With Israeli forces in action once more in both Gaza and Lebanon, the clock has been turned back in two areas of the Middle East, exposing the fragile foundations of diplomatic efforts to resolve the region’s long-running crises and throwing the region’s economy into jeopardy, the Middle East Economic Survey reported Monday.
The destruction of Lebanon’s economic infrastructure, and the air, sea and land blockade on the country, have regional as well as domestic implications where the economic and psychological price will be enormous, the report said.
Overnight, the long and delicate process of restoring international confidence in the country after 15 years of civil conflict has been wrecked.
This summer Lebanon was expecting a bumper tourism season, with the anticipated spending by visitors, from the Gulf states and elsewhere, seen as a vital source of income for the struggling national economy.
The Israeli raids — not least those on Beirut airport, Lebanon’s gateway to the world — have sent the process of reconstruction and rehabilitation back to square one, MEES said.
In regional terms, the re-emergence of Lebanon in recent years as a centre for tourism and business did much to stimulate intra-Arab commerce and economic activity.
An IMF report pointed to “an apparent strengthening of intra-regional economic ties,” strongly heightened after the September 11, 2001 bombings in the US, seen through the flow of capital from country to country and by a sharp rise in intra-regional tourism.
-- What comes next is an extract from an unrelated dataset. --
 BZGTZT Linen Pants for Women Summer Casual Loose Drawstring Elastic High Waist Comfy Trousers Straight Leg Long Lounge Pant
Lebanon was the key player in this process, the MEES report added.
The report’s chief editor warns that groups opposed to current regimes — especially militant Islamic organisations — could capitalise on the anti-Israeli and anti-Western sentiments kindled by the latest violence to seek to destabilise the regimes that govern them.
And this could happen anywhere in the Middle East and North Africa, including oil and gas producing regions.
This possibility raises the question of what impact the violence and instability in the Middle East will have upon the global economy.
If Syria and Iran were to become involved, then the footprint of hostilities would cover the whole of the Middle East, including the Gulf, and the chances of disruptions to oil exports would rise significantly, the MEES report added.
The assumption is that if hostilities persist, the world’s sole superpower will intervene and seek to use its diplomatic muscle to broker an end to the violence.
But while three Israeli soldiers are held by radical Islamic groups, the Bush administration will be reluctant to drop its unqualified support for the actions ordered by the present Israeli government.
Even if the US does intervene and the hostilities stop, the casualties of the conflict could be so serious that the path back to economic and political stability will be formidably steep. And laying firm foundations for a process to resolve the region’s crises will be even more difficult than in the past.